This Pentecost, as the Church recalls the descent of the Holy Spirit upon the Apostles in the upper room, my thoughts wander homeward. My daughter has just turned four, and with that milestone has come a delightful torrent of ‘why’. It is wonderful to hear them drop all day, every day, sometimes in a frenzy – those relentless, probing questions that signal a young mind stirring to life and seeking order in the world around her. As one of the first in my circle of friends to enter parenthood, I have found few ready-made guides to help me walk reverently beside my child through every sacred step of her miraculous transformation. Instead, I’ve steadily realised that the formation of this small person rests first and foremost with me, her parent, as a vocation illuminated by the same Spirit who empowered the first teachers of the faith.
The Church, naturally, has long affirmed this. Parents are the primary educators, the family the ‘domestic church’ where faith, virtue and the habits of mind are first received (Catechism 2221–2231; Gravissimum Educationis). At Pentecost we may see the pattern particularly clearly. Truth is proclaimed in living relationship, in languages each could understand, not through distant decrees. The Apostles embodied their mission. So too today, Catholic parents are invited to transmit the living Word – the Logos – in the idiom of their children’s lives.
Education, at its best, has always been more than the transmission of skills. It has sought to form persons through a shared inheritance of knowledge and habits of thought, drawing on the wisdom of the trivium and quadrivium, the humanist vision of paideia, and the Christian understanding of learning as participation in a conversation across time. Speech itself, the ‘the mirror of the spirit’, is relational and incarnational, aimed at truth, beauty and the common good.

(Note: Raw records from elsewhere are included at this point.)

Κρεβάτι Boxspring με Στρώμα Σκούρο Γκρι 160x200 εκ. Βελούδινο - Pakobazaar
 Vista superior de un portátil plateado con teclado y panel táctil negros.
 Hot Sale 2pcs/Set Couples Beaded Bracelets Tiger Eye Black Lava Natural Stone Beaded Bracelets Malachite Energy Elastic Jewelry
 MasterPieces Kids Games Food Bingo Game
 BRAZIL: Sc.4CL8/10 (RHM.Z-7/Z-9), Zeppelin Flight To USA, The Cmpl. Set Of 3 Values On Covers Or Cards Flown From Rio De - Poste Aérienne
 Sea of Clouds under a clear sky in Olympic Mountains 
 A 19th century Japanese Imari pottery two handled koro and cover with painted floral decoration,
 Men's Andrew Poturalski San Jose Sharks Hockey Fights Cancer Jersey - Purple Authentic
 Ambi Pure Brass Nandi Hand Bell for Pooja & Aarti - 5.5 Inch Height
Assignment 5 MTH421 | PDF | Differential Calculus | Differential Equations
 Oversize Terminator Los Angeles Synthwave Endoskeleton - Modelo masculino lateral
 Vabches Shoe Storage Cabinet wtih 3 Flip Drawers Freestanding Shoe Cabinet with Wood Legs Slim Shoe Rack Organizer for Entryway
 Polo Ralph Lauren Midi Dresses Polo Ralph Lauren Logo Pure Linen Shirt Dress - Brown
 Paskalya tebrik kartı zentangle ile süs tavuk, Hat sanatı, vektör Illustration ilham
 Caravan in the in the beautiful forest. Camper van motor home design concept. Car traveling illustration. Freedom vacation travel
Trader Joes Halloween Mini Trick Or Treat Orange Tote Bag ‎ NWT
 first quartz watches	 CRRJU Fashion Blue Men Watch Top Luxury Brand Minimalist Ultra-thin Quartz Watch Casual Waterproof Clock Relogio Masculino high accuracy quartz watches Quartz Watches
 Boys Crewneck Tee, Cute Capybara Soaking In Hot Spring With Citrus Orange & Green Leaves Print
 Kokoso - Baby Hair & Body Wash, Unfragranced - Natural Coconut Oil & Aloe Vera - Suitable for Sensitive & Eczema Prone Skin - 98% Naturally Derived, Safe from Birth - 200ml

A lack of appetite for knowledge, in this view, points ultimately to a lack of love: for the good, for others and for the God who orders all things.
That older understanding once found everyday expression in practices now less common. Bible reading, for generations of ordinary people, served as a doorway into the humanities – into language, narrative and moral imagination. Its secular counterpart, the university reading group, has too often faded from view, though happily not everywhere. At the Oxford-based Canterbury Institute, for instance, such groups continue to sustain genuine community and the patient forging of thought. Small circles, serious conversation, joy in the shared pursuit. The Apostles might recognise something familiar in that fellowship.
Published last year, the Civitas report Renewing Classical Liberal Education invites us to consider how these older ideals might nourish our present moment. It acknowledges the genuine gains of recent reforms in strengthening core subjects in England. At the same time, it notes areas where humane formation has thinned. For example, pupils encounter fewer sustained pages of literature and a lighter touch on the chronological sweep of history. Too many schools retreat from classical languages in many settings. By contrast, some independent classical schools invite children into deeper immersion – Homer, Virgil, Dante and more – thousands of pages woven together, drawing them into the great conversation that has shaped the West. This is far from being elitism in action; rather, the difference lies in fidelity to the ancient task of cultivating free persons capable of wisdom, delight and prudent judgement.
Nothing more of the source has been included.